As long as we start from the assumption that this is the only way to have representative government, this is going to repeat. It is setting ourselves up for failure.

And yet, there are solutions. One way we could sidestep the gerrymandering conversation entirely would be by adopting mixed-member proportional (MMP) as an electoral system (used in Germany and New Zealand). 

What MMP does is assign seats in a legislature by votes for party in addition to having seats elected from districts (typically, it’s half selected from lists of parties’ candidates and half from districts). If a party earns 40% of the statewide vote for parties, but only 20% of the seats, MMP gives them more seats in the legislature until they have 40% of the total seats. 

This effectively eliminates the incentive for partisan gerrymandering, since parties are almost always guaranteed a fair amount of seats. That leaves us free to focus on things like balancing compactness with the requirements of the VRA. Lists also allow us to place mandates on parties, like requiring that candidates from lists result in a group of elected officials that is reflective of the state’s population (e.g., if you elect only men from the districts, requiring that you achieve gender parity from the candidates who advance from the list).

Another option is multi-member districts. These can be voted for in multiple manners (the most common version is single transferable vote, which sets a quota of votes candidates need to clear, asks voters to rank their choices and then transfers surplus votes for candidates who exceed the quota over to other candidates), but even just the basic every voter gets one vote works relatively fine (or, at least, better than single-member districts). 

Multi-member districts tend to work well for protecting minority rights, since it’s relatively easy for candidates to clear the quota, and thus it’s harder to bury a particular racial or ethnic group under the weight of another group’s votes.

Finally, we could just eliminate districts altogether and switch to a purely proportional system where candidates are elected from lists. 

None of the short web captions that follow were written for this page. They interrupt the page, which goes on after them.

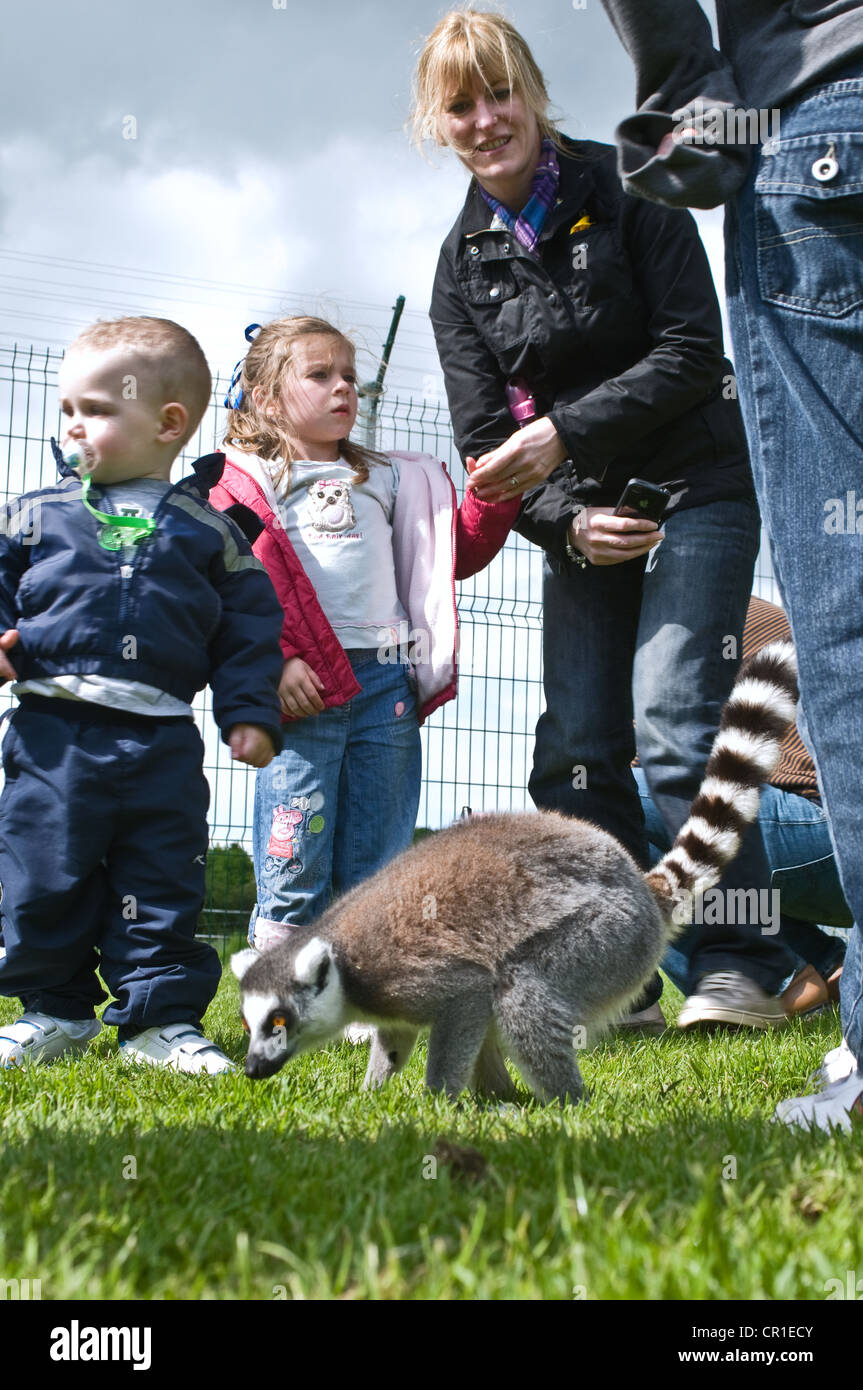 Lemur Interaktion mit einer Familie in einem offenen Gehäuse Stockfoto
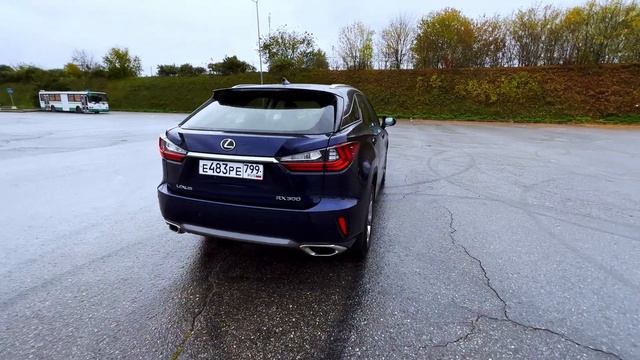 Lexus RX300 2019г JTJZAMCA702066210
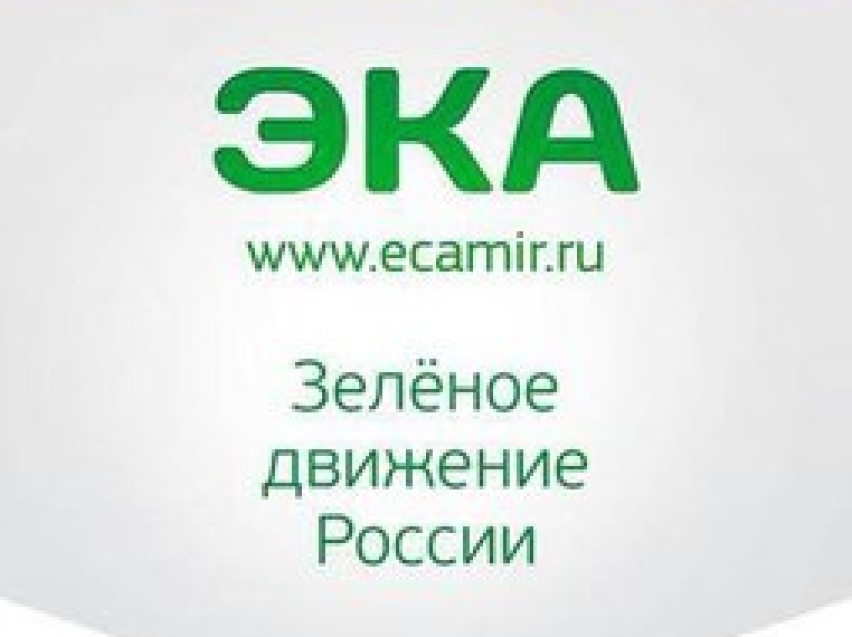Эка полное имя. Эка. Движение Эка. Конкурс экодвор. Движение Эка реклама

While (as I mentioned above) lists can have mandates placed on them to ensure demographic representation, a purely proportional system can also work by allowing parties to form which explicitly intend to represent minority groups’ interests. This competition for votes can also force other parties to respond by specifically addressing those groups’ concerns. One drawback of these systems is that they often use a threshold system. 

Set too low, and you get a fragmented political system where it’s hard for anyone to govern (see Netherlands, Belgium, Israel). Set too high, and you can end up throwing out almost 20% of the votes (if this is a shocking number, consider that we effectively waste a similar amount of votes under our current system).

I realize this is beyond where a lot of people want to go. Such a conversation is greatly destabilizing to the way we conceive of elections and politics. Very few people in Rhode Island politics, even those who would stand to gain, want a more proportional electoral system that has space for other parties to rise and fall. Everyone understands the system we have now, and there’s almost no appetite to learn something new.

But the reality is that Rhode Island is poorly served by its current electoral system. Democrats are in a constant civil war about access to party resources. Republican caucuses in the General Assembly are less than half the size they should be based on the statewide vote for Republican candidates. 

Voters who voted against their representatives effectively go unrepresented. And much of the legislature never faces a general election opponent, leading to reduced turnout and legislators who are insulated from the consequences of bad behavior.

If we want to actually change this, we need to start talking about more than the idea of “who draws the lines?” and start asking if we want to draw lines at all.